BOISE – An organization representing Idaho well irrigators considers a recent order allowing power companies to shorten contract lengths with certain renewable energy providers good news for rate payers.
Opponents of the new policy, however, fear it will quash future renewable energy development in Idaho.
Under the federal Public Utility Regulatory Policies Act, utilities must purchase any qualifying renewable power. States set contract lengths and determine how to calculate avoided costs – payments for renewable energy based on what utilities would have to invest to generate the equivalent power.
The Idaho Public Utilities Commission’s Aug. 20 order shortens the length of new PURPA contracts for solar and wind projects over 100 kilowatts from 20 years to two years. Shortened contracts also apply to other renewable power sources, such as hydro, over 10 megawatts.
Idaho Power petitioned for shorter contract lengths on Jan. 30, and PacifiCorp and Avista later signed on to the petition.
“We felt if the contract term were kept the same, the rates would be artificially increased before it was needed,” said Eric Olsen, a Pocatello attorney who represented the Idaho Irrigation Pumpers Association as intervenors in the case. “Through shortening of the contract period, I think that will appropriately regulate these types of projects into the future.”
The association hired Ohio energy expert Anthony Yankel, who testified Idaho Power is often forced to use more costly PURPA energy at the expense of its own facilities. The PUC awarded $40,000 toward intervenors’ expenses, funded by the utilities, including about $18,000 for the association.
The utilities reason they update their Integrated Resource Plans every two years, and a shorter contract affords them flexibility to revise rates based on actual market conditions.
Randy Allphin, Idaho Power’s energy contract lead coordinator, said 20-year renewable energy contracts have consistently locked in prices above market rates – a trend his company projected would continue into the future, absent change. Idaho Power anticipates it won’t need additional power capacity until 2025.
“No matter what the price would be that we paid for this PURPA energy, when we don’t have a need for it, it’s a cost that is not appropriate,” Allphin said.
Though there’s been a flood of applications in Idaho to build solar projects prior to the expiration of a federal credit at the end of 2015, Ben Otto, with the Idaho Conservation League, doubts a single project will come to fruition under a two-year contract.
Otto, whose organization intervened against the shorter contracts, said lenders insist they wouldn’t risk approving a project without long-term price assurance.

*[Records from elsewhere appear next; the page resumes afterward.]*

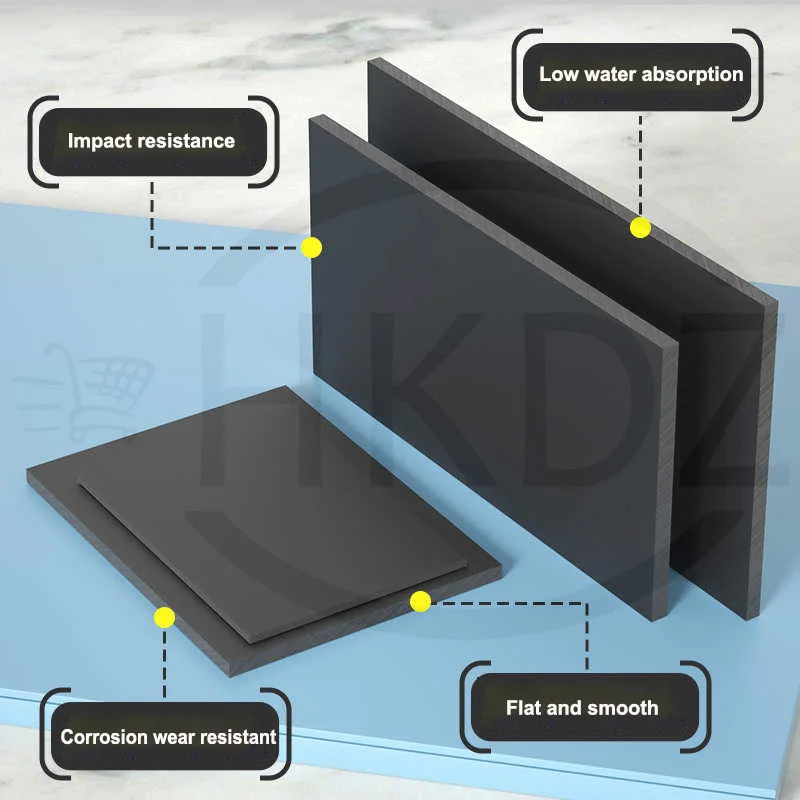 Black ABS Plastic Sheet DIY Crafting Plate Thermal Forming Plate Panel Plastic Sheet for DIY Projects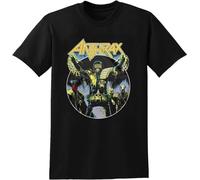 Anthrax Judge Dredd Film Sci-Fi Action T-Shirt Mens Unisex Black Tees Size 4XL
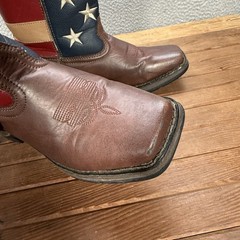 Durango Boots Kids 5M Multicolor Lil Rebel Patriotic 8″ Western Cowboy Boot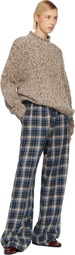 ERL Navy Plaid Lounge Pants
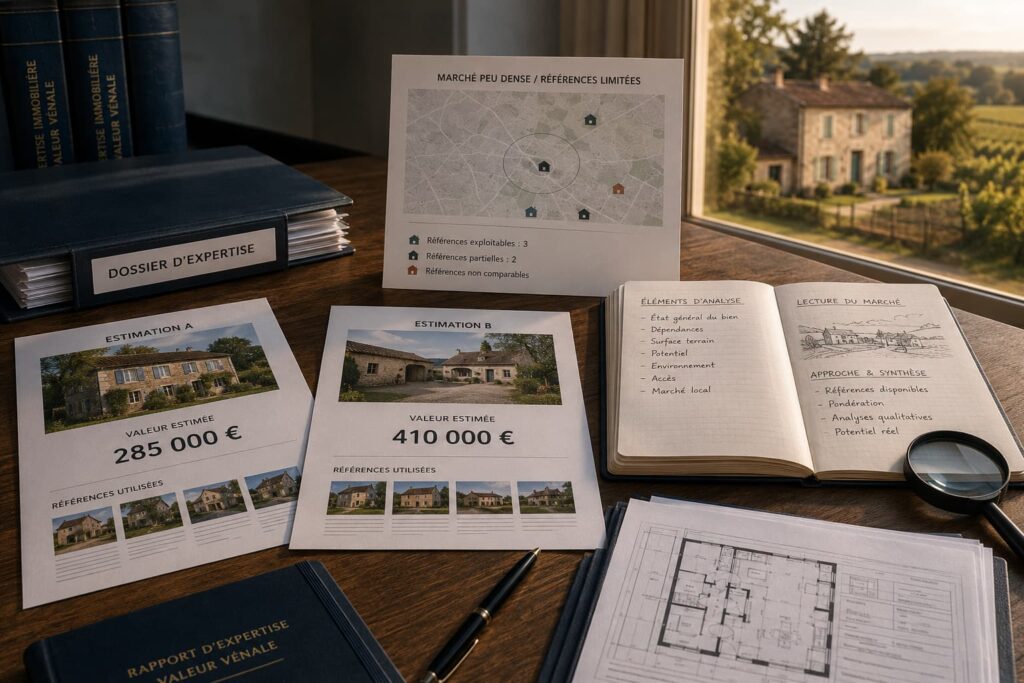 expert immobilier en Nouvelle-Aquitaine analysant un bien atypique hors métropole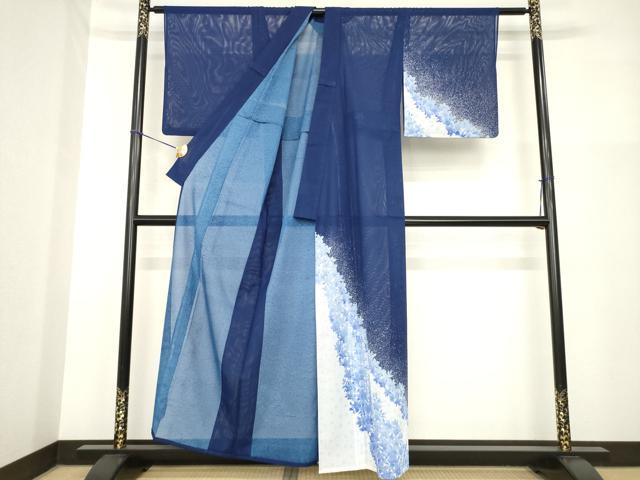 平和屋着物＊夏物　訪問着　絽　舞花文　洗える着物　AABH2105ck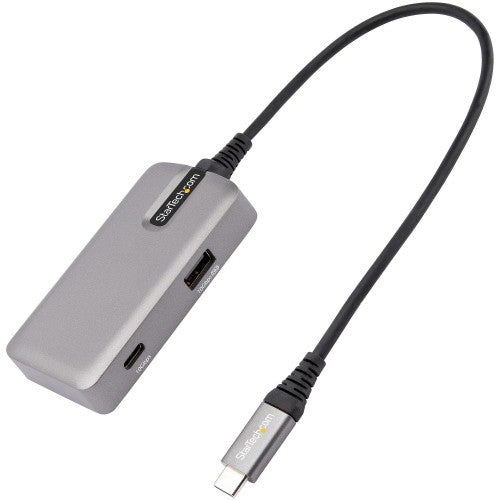 StarTech.com DKT31CHPD3 laptop dock/port replicator Wired USB 3.2 Gen 2 (3.1 Gen 2) Type-C Gray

His organization’s energy expert, Tom Beach, said Idaho’s avoided cost rates are undervalued, if anything. ICL proposed a compromise contract with fixed rates for 10 years, allowing certain adjustments in ensuing years. Otto pointed out customers pay for 20 years or more when utilities build new infrastructure.
In its order, the PUC emphasized utilities are still obligated to purchase renewable power, and PURPA isn’t their only option for acquiring it. The PUC agreed 20-year contracts overestimate costs, and shorter contracts may also benefit renewable power providers if market rates increase.